After simplification the integrand becomes $\dfrac{π}{2}\cosec \dfrac{πx}{2}\cot \dfrac{πx}{2}$ . Substituting $y$ for $\dfrac{πx}{2}$ , we get the value of the integral as $\cosec \dfrac{π}{6}-\cosec \dfrac{π}{2}=2-1=1$ . Hence $A=1$ and $9A^2=\boxed 9$ .
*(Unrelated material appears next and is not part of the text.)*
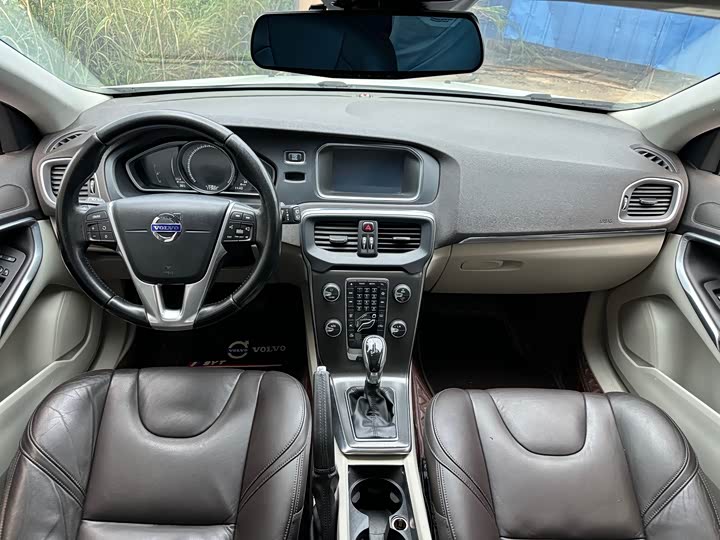 Volvo V40 2015 1.6 T — фото 8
By taking out the common factors, we get :

$\int_{\frac{1}{3}}^{1} \frac{\pi [ \cos(\frac{2\pi}{3}x) + \cos(\frac{\pi}{3}x) ]}{2\sin(\frac{\pi}{2}x) [ \sin(\frac{2\pi}{3}x) + \sin(\frac{\pi}{3}x) ]} dx$

Now, the integrand can be factorized using these trigonometric identities :

$\sin(\alpha) + \sin(\beta) = 2\sin(\frac{\alpha + \beta}{2})\cos(\frac{\alpha - \beta}{2})$

$\cos(\alpha) + \cos(\beta) = 2\cos(\frac{\alpha + \beta}{2})\cos(\frac{\alpha - \beta}{2})$

such that: $\alpha : \frac{2\pi}{3}x , \beta : \frac{\pi}{3}x \rightarrow \frac{\alpha - \beta}{2} = \frac{\pi}{6}x , \frac{\alpha + \beta}{2} = \frac{\pi}{2}x$

So...

$\int_{\frac{1}{3}}^{1} \frac{\pi [ 2\cos(\frac{\pi}{2}x )\cos( \frac{\pi}{6}x)\ ]}{2\sin(\frac{\pi}{2}x) [ 2\sin(\frac{\pi}{2}x) \cos( \frac{\pi}{6}x) ]} dx$

After simplification :

$\int_{\frac{1}{3}}^{1} \frac{\pi\cos(\frac{\pi}{2}x )}{2\sin^2(\frac{\pi}{2}x) } dx$ $\rightarrow \int_{\frac{1}{3}}^{1} \frac{\pi}{2} \cot(\frac{\pi}{2}x) \csc(\frac{\pi}{2}x) dx$

u-substitution:

u= $\frac{\pi}{2} x$

du= $\frac{\pi}{2} dx$

$\int_{\frac{\pi}{6} x}^{\frac{\pi}{2}} \cot(u) \csc(u) du = -\csc(\frac{\pi}{2}) - [-\csc(\frac{\pi}{6})] = 1$

$9A^2 \rightarrow \boxed{9}$